- WHAT IS BEING ASKED:
Leave out the pictures and copy the remaining records exactly.

- THE DATA:
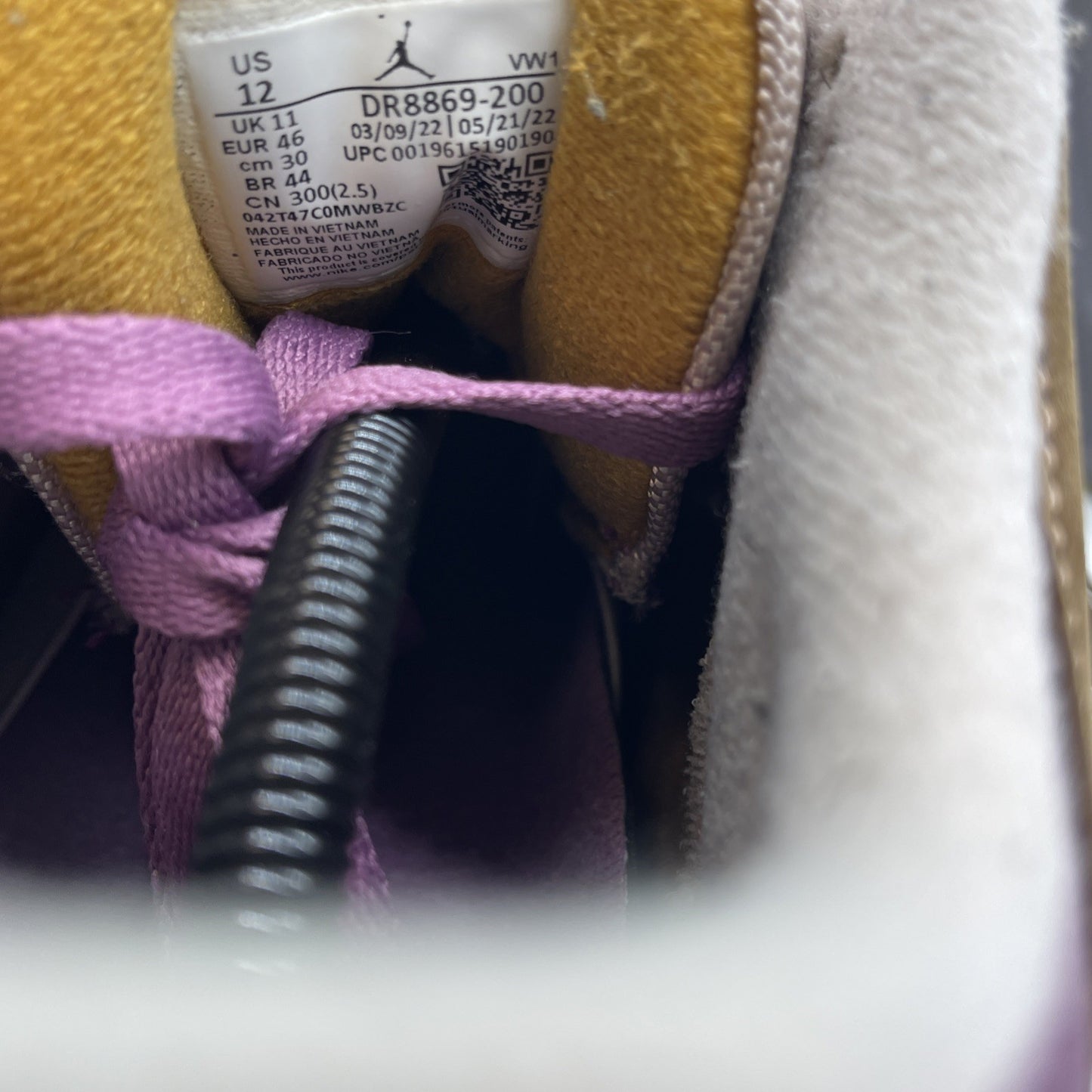 Size 12 - Air Jordan 3 Retro SE Winterized (DR8869-200)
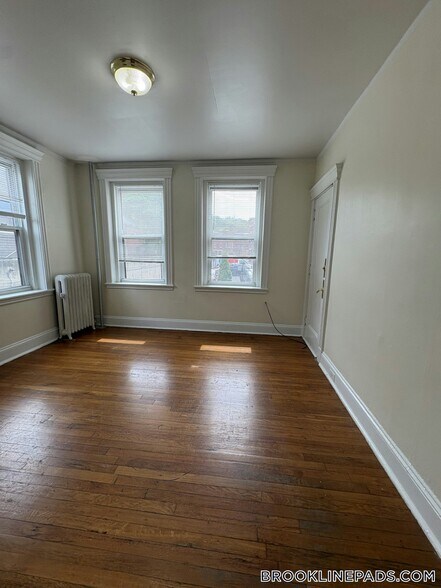 Building Photo - 352 Riverway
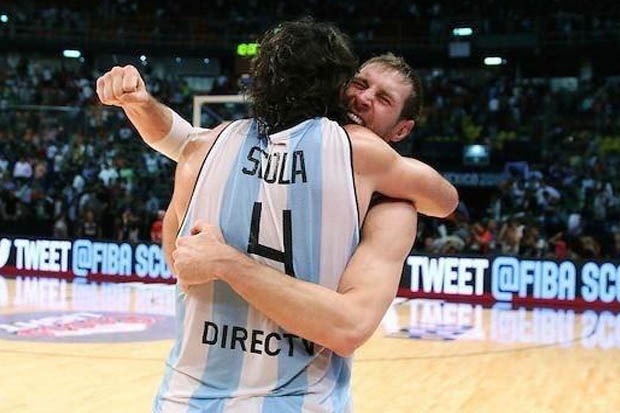 Con un gesto de grandeza, ''El Chapu'' Nocioni elogió Luis Scola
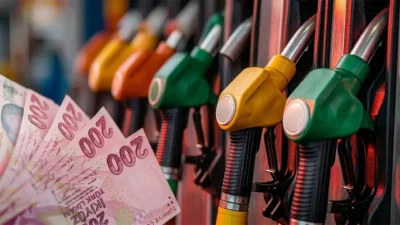 Akaryakıtta tabelalar bir kez daha altüst oldu! Benzine 53 kuruş,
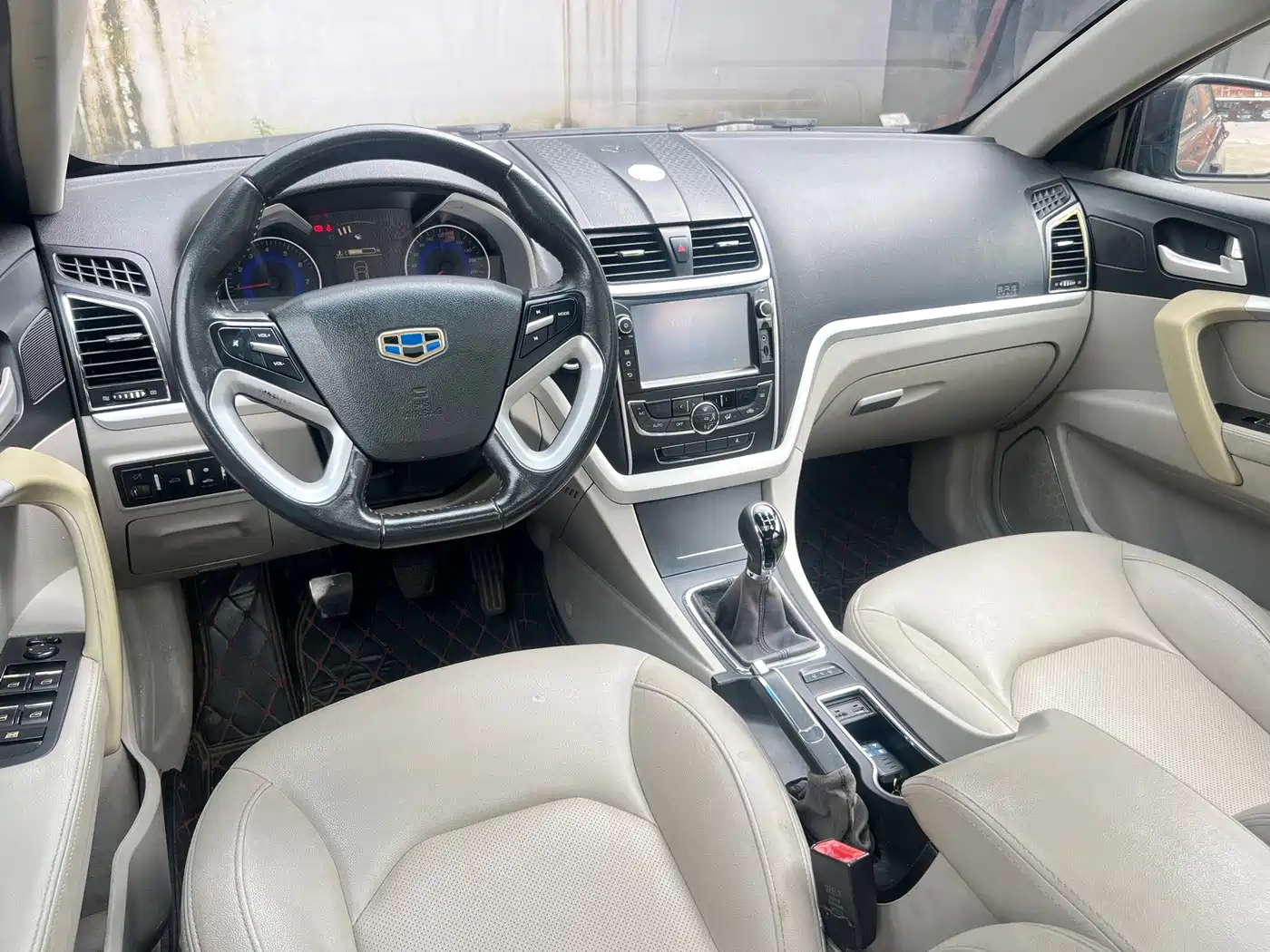 Geely Emgrand 2015 2015 Sedan 1.5L Manual Upward Edition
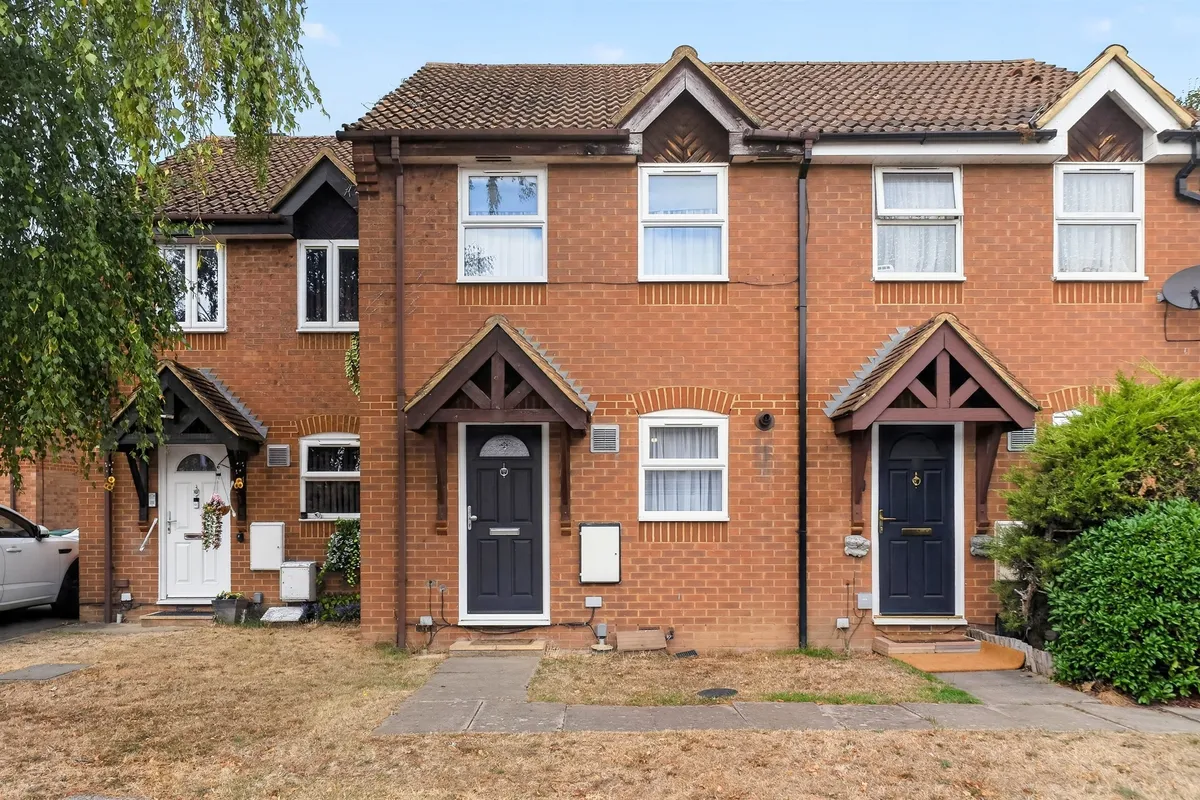 Milton Gardens, Staines-Upon-Thames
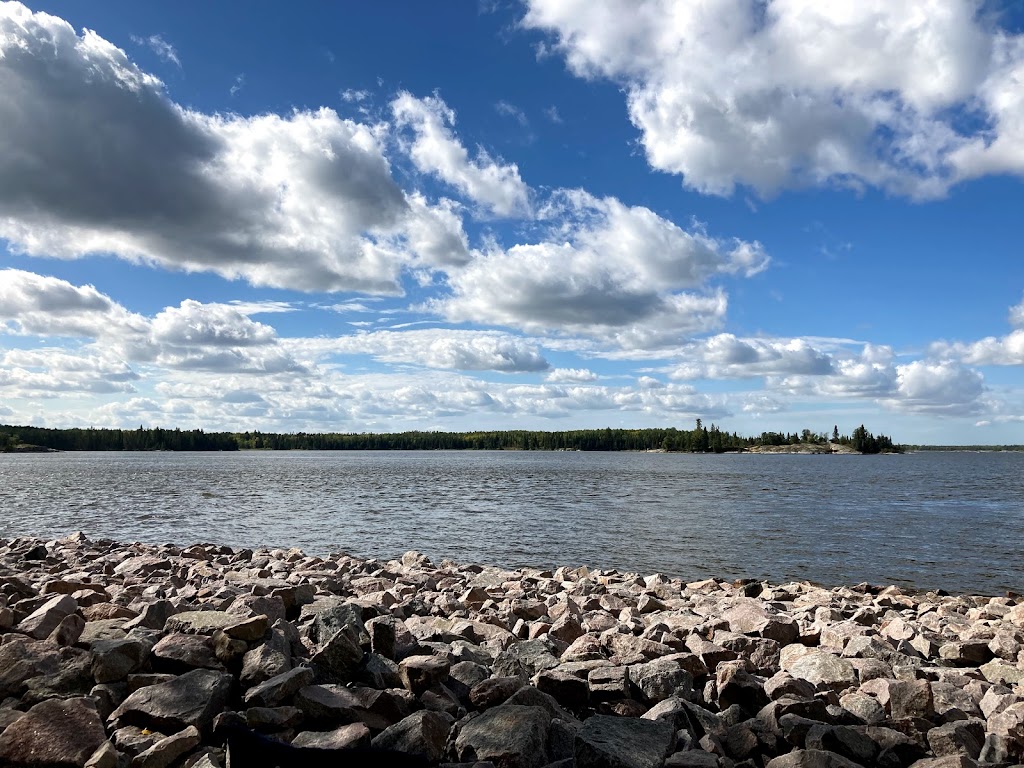 Otter Falls Resort | MB-307, Seven Sisters Falls, MB R0E 1Y0, Canada | Phone: (204) 348-7216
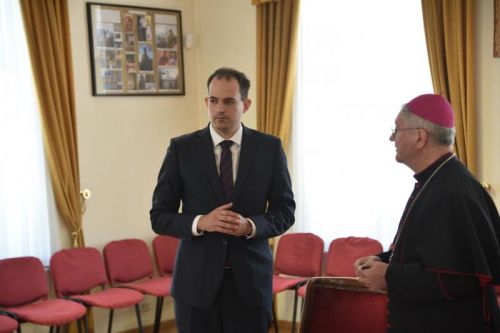 Biskup Križić i ministar Malenica potpisali Zapisnik o povratu crkvenih matičnih knjiga oduzetih za vrijeme komunizma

- SOLUTION FOR THIS EXERCISE:
 Size 12 - Air Jordan 3 Retro SE Winterized (DR8869-200)
 Building Photo - 352 Riverway
 Con un gesto de grandeza, ''El Chapu'' Nocioni elogió Luis Scola
 Akaryakıtta tabelalar bir kez daha altüst oldu! Benzine 53 kuruş,
 Geely Emgrand 2015 2015 Sedan 1.5L Manual Upward Edition
 Milton Gardens, Staines-Upon-Thames
 Otter Falls Resort | MB-307, Seven Sisters Falls, MB R0E 1Y0, Canada | Phone: (204) 348-7216
 Biskup Križić i ministar Malenica potpisali Zapisnik o povratu crkvenih matičnih knjiga oduzetih za vrijeme komunizma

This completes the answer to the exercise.